Maybe it's the hag that keeps Daufuskie pristine. The ambitious beachfront Melrose Resort remains shuttered, its once-grand inn slowly decaying, despite rooms with horizon views across the Atlantic. On the island's southern end, Bloody Point Golf Club & Resort is no longer any of those things — a private inn is available for rent, but weeds grow on the golf course and the restaurant's kitchen has been shuttered for years.

But it's the island's seemingly innate stubbornness to be developed that lends Daufuskie its charm. And one project seems to have cracked the hag's curse. At Haig Point, directly across from Hilton Head Island, a 40-foot-tall lighthouse, dating from 1873, has been converted into a luxurious rental that sleeps four people, completed with a full kitchen and rocking chairs looking out over Calibogue Sound. Nearby, the 1910 Strachan Mansion (relocated to Daufuskie from St. Simons Island in 1986) includes four rooms open to travelers. In 2022, the first Cottages at Haig Point will open, each offering comfortable common areas and six private guestrooms. The resort features an oceanfront golf course designed by Rees Jones, a tennis complex, and an equestrian center, with trail rides available through the forest and on the beach.

Outside of Haig Point, several Airbnb rentals offer a taste of local life. At Freeport Marina, colorful, tiny cabins offer a place to rest your head for the weekend, with easy access to the live music and cultural happenings on the waterfront. Deeper into the island, it's possible to rent a marshfront home for under $200 per night.

What to Do

Daufuskie is best explored by bicycle or golf cart. Cart rentals start at $75 per day. Island attractions include the Iron Fish Gallery, where sculptor Chase Allen crafts coastal images like stingrays and sea turtles into attractive wall hangings. Nearby, Silver Dew Winery has bottled its sweet elixirs in a tiny brick building intermittently since 1953. The island also has its own distillery, the Daufuskie Island Rum Company, offering tours and tastings.
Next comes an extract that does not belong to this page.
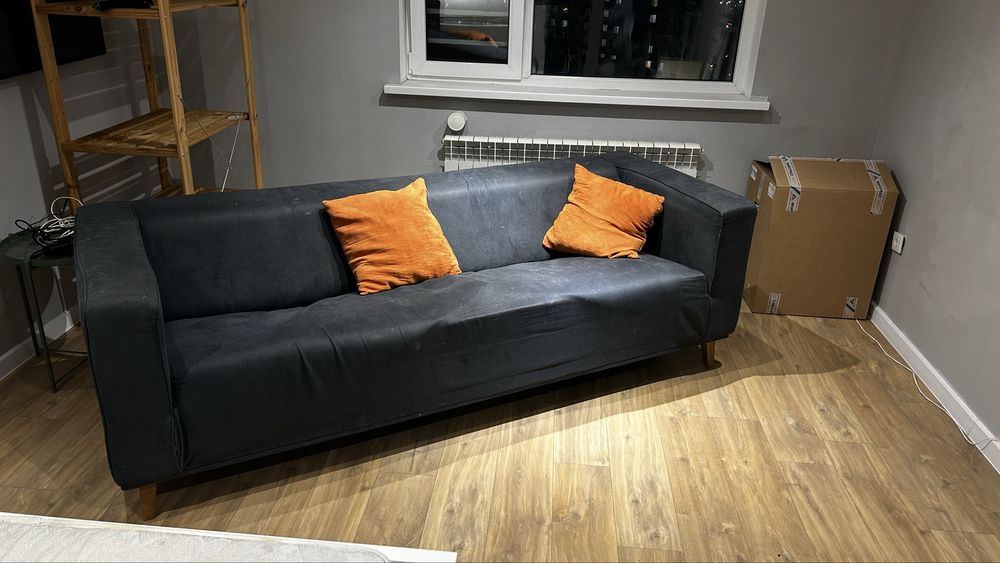 Диван серый 230х85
Daufuskie Island Rum Company Entrance

To fully appreciate Daufuskie's cultural history, consider a tour with native islander Sallie Ann Robinson. Her experience growing up on the island — including as one of Pat Conroy's students, as told in his lauded novel about life on the island, "The Water is Wide" — casts an authenticity on the place that's difficult to achieve on a self-guided visit. Tour stops include the Mary Field School, where Conroy taught and two enterprising women now operate Daufuskie Blues, a textile company where the nearly lost art of indigo dying is back on trend. Robinson also takes guests to Gullah cemeteries dating back 200 years, and to the Oyster Union Society Hall, the gathering place for factory workers during Daufuskie's boom as an oyster producer in the early 20th century.
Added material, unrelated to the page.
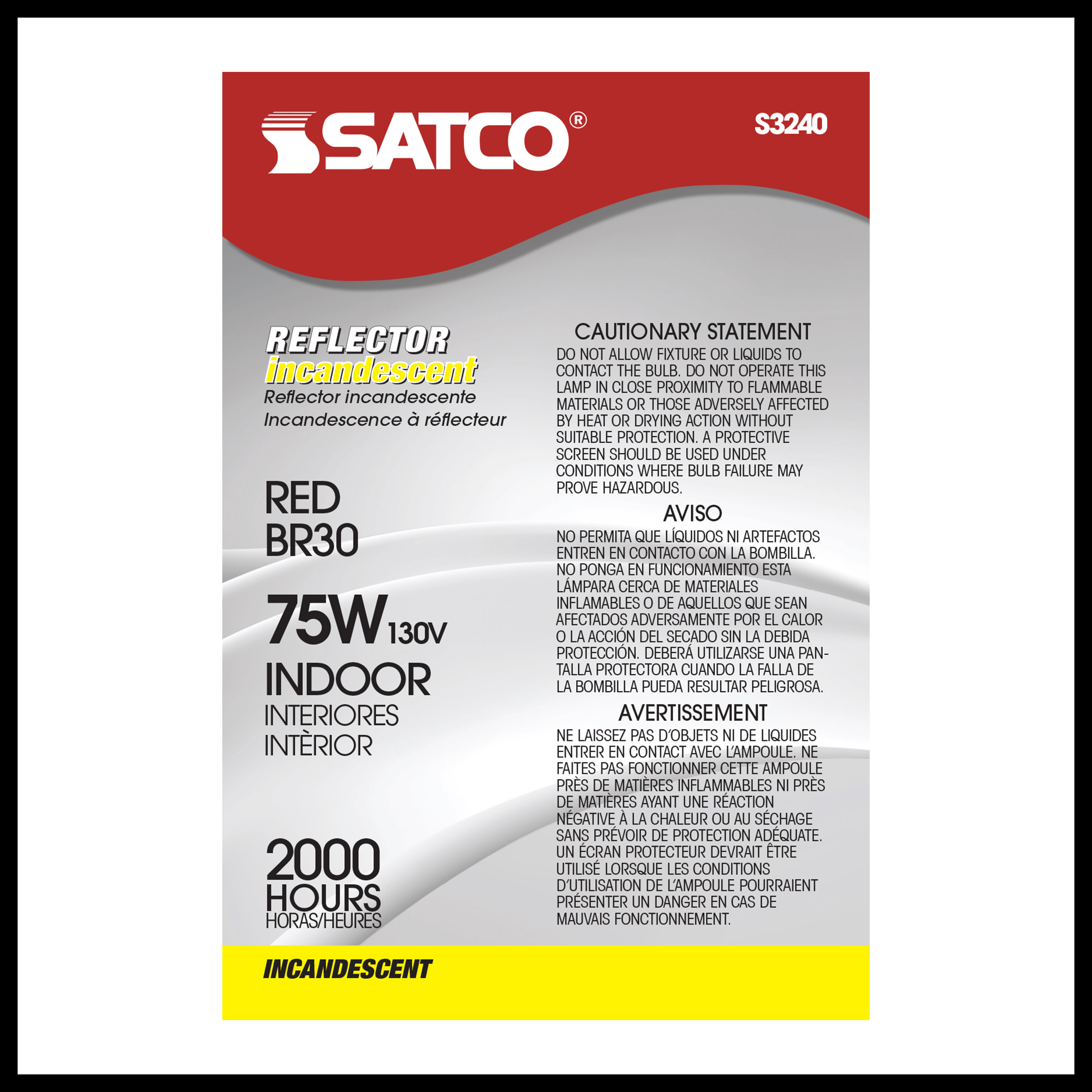75W BR30 RED - S3240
After a day of exploring, visitors can wind down with drinks and seafood by the water. At the island's public landing, the recently shuttered Marshside Mama's will reopen in 2021 as Daufuskie's, a restaurant and general store with sunset views across the river. At Freeport Marina, saddle up at the circular open-air bar for a local pint and a basket of fried shrimp or soft shell crabs before enjoying the scenic ferry ride back to the mainland. Or, stay for the night. Just make sure to confirm that the shutters are painted blue before dozing off.